- [Your instructions]
Among the entries, which lines carry the string "Black"? Copy every one.

- [Supplied information]
=-=-=-=-=

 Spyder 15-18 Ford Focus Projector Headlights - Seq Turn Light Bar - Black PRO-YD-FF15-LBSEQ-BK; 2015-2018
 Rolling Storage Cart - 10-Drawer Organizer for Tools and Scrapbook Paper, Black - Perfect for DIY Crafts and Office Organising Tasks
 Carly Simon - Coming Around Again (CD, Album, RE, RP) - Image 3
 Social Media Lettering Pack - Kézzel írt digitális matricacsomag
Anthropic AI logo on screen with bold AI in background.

=-=-=-=-=

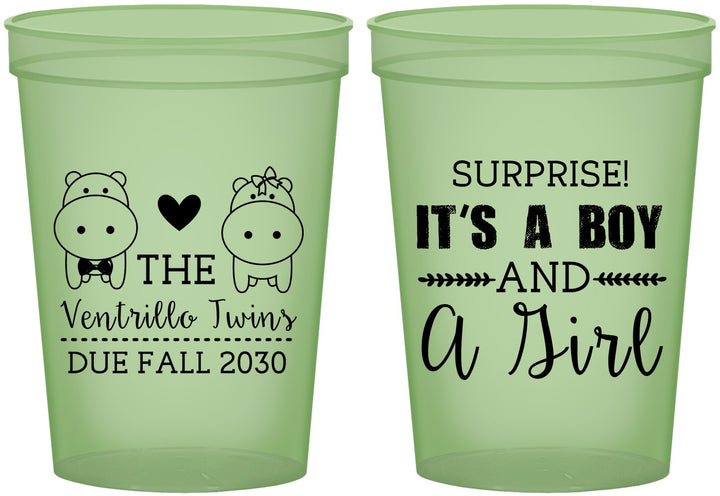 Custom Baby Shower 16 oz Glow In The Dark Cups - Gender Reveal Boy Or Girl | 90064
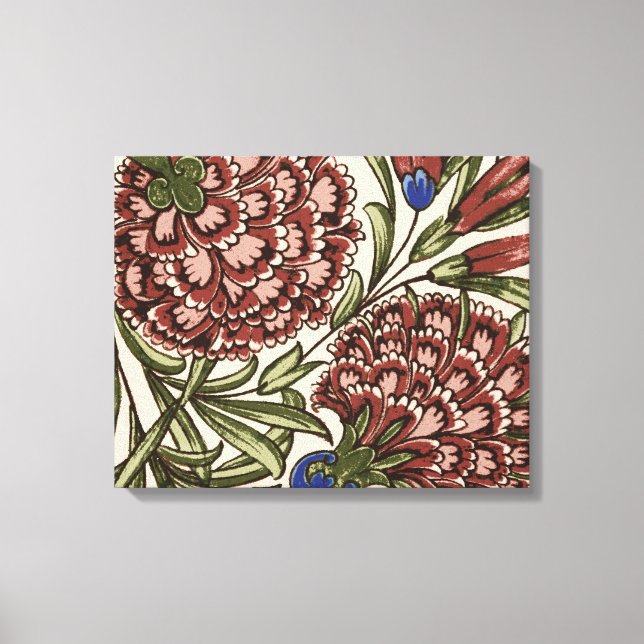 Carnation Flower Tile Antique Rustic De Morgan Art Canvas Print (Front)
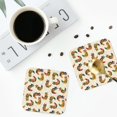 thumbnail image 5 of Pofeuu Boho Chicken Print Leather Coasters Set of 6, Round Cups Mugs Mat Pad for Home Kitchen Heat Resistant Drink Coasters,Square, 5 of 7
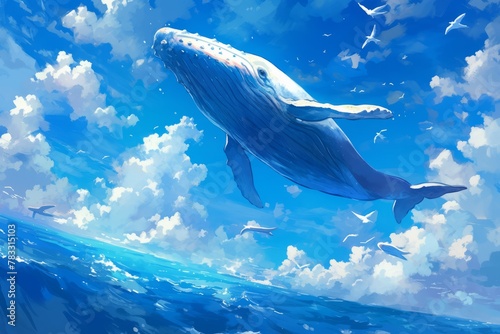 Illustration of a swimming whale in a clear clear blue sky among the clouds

=-=-=-=-=

- [Solved exercise]
 Spyder 15-18 Ford Focus Projector Headlights - Seq Turn Light Bar - Black PRO-YD-FF15-LBSEQ-BK; 2015-2018
 Rolling Storage Cart - 10-Drawer Organizer for Tools and Scrapbook Paper, Black - Perfect for DIY Crafts and Office Organising Tasks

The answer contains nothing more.